Также Нимиц глубоко интересовался десантированием, поскольку он давно осознал, что основными операциями в вооруженном конфликте между Соединенными Штатами и Японией будет ряд десантных атак, направленных на захват тихоокеанских островов. Морские пехотинцы, которых он вызвал на учения в Сан-Клементе, служили во 2-й бригаде морской пехоты, которая являлась ядром 1-й дивизии морской пехоты, и он фактически готовил их к сражениям на Гуадалканале, мысе Глостер, Пелелу и Окинаве.

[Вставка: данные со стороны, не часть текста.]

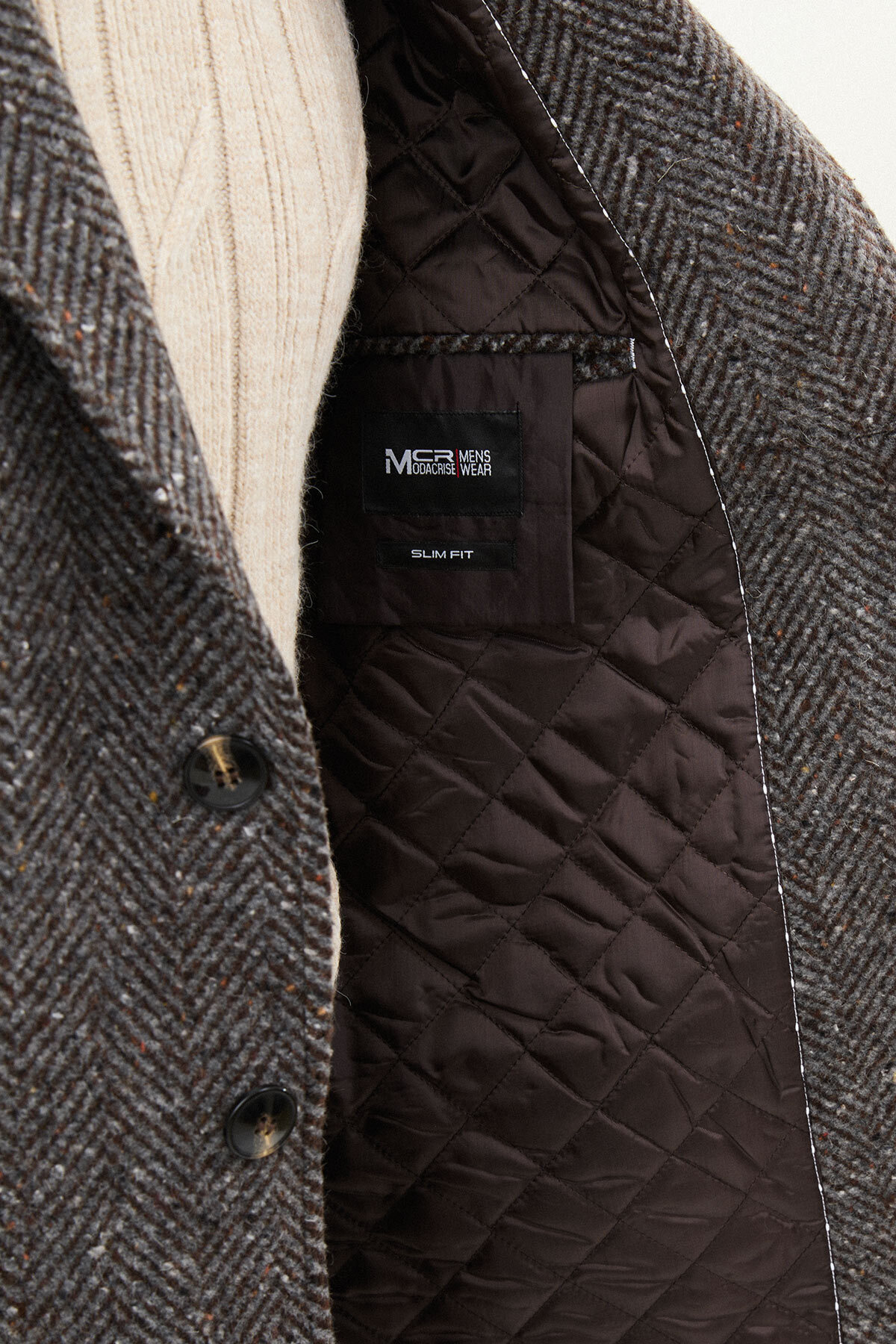 Kırçıllı Slim Fit Geniş Yaka Yün Erkek Kaban Kahve-Gri - 21334.25K — رنگارنگ — تصویر 6 از 6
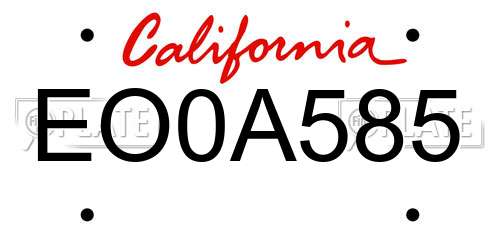 EO0A585 California License Plate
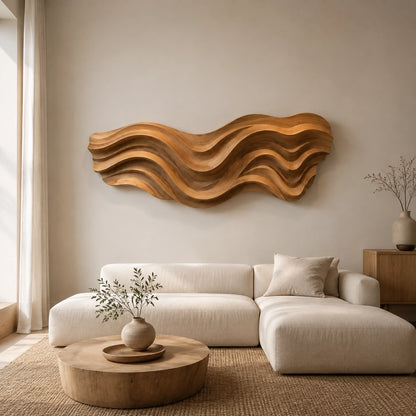 Flowing Wave Wall Art in Natural Solid Wood for Modern Living Spaces - Woodenecho - 2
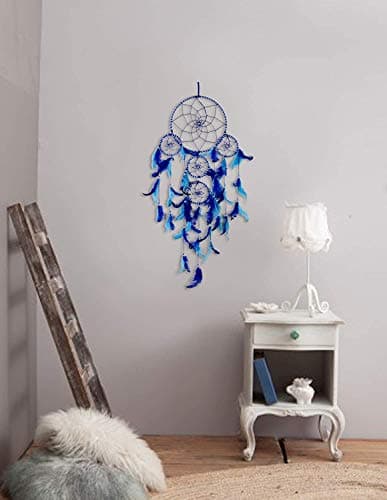 DULI Dream Catcher Traditional Indian Dreamcatcher Wall Art for Bedrooms, Home Wall, Hanging Design, Height 75 cm Dream Catchers(Blue),Metal, Feathers Dreamcatcher (Big Blue) 4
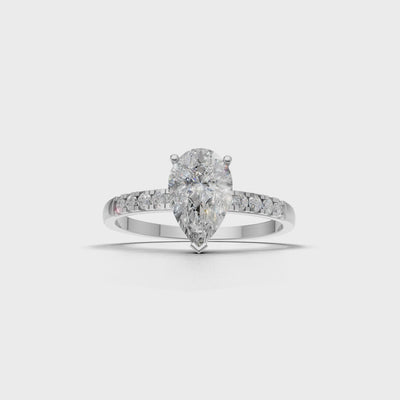 Ring Pear Side Dia 18k White Gold 1ct :: RING PEAR SIDE DIA 18K White Gold 1ct 4.mp4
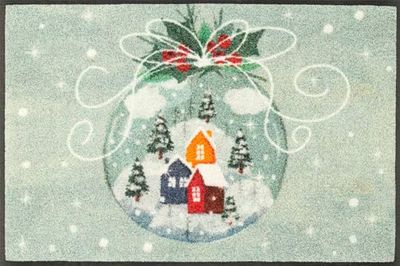 Wash+Dry Felpudo Snow Globe 50 x 75 cm, Interior y Exterior, Lavable, Multicolor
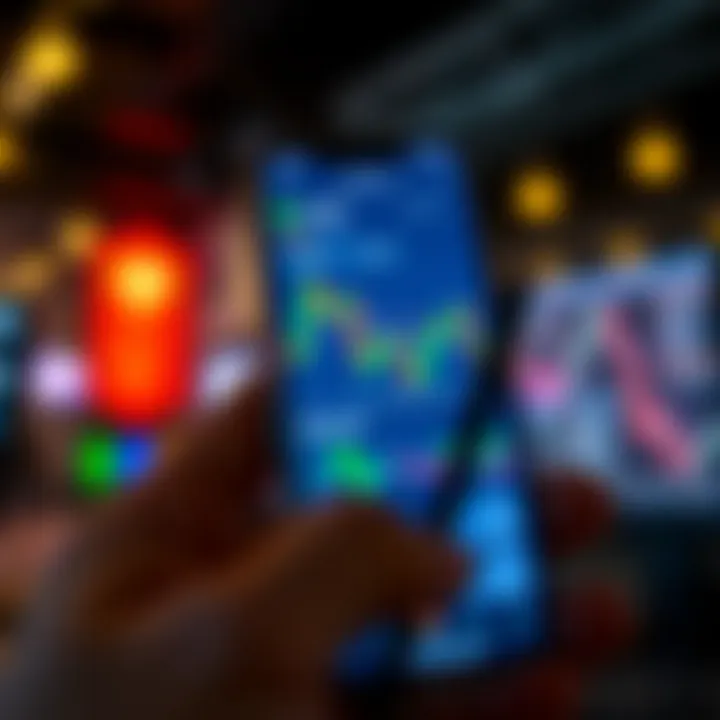Mobile phone showing a clean and intuitive trading app interface with charts and market data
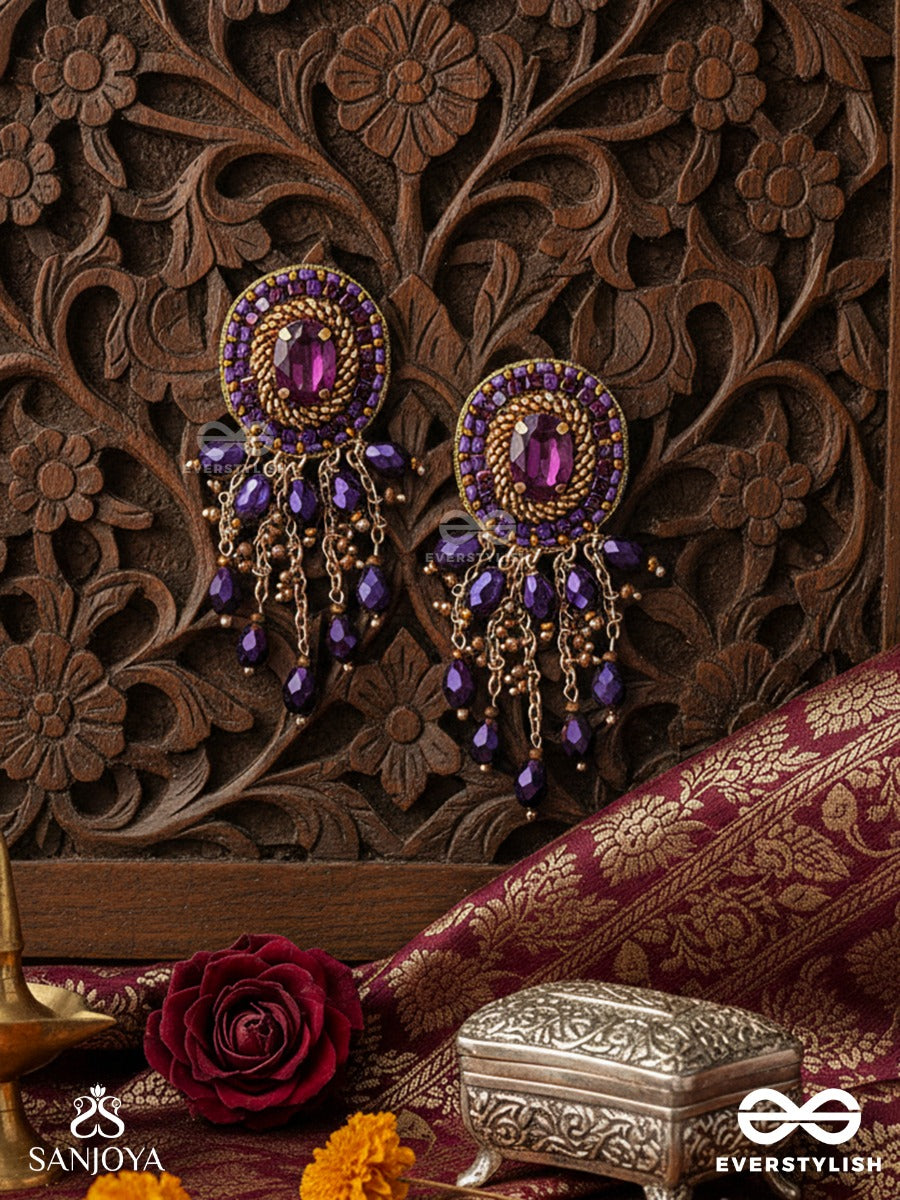 Anisam - The Shining Night - Stone, Beads And Glass Drops Hand Embroidered Earrings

В море адмирал Нимиц совмещал работу и физические упражнения, так как, прогуливаясь по палубе «Аризоны», обычно проводил серьезные беседы с одним или несколькими офицерами своего штаба. По привычке он добавлял непринужденности даже в профессиональные разговоры с помощью его бесконечного запаса веселых историй. Офицеры заключали пари на то, что никто не сможет принести Нимицу историю, которую бы он не слышал, и не сохранилось никаких сведений о том, что кто-нибудь из них когда-либо выигрывал пари.
Адмирал Нимиц набрасывался на работу с каким-то радостным энтузиазмом, который оказался весьма заразительным. Офицеры, которые служили с ним тогда, вспоминают, что никогда они не работали усерднее и не веселились так, как в ходе тех учений. Весной 1939 года все оперативное соединение было разочаровано не меньше, чем сам адмирал, когда Нимиц получил распоряжение сдать командование. Он должен был возвратиться в Морской департамент как начальник Бюро навигации.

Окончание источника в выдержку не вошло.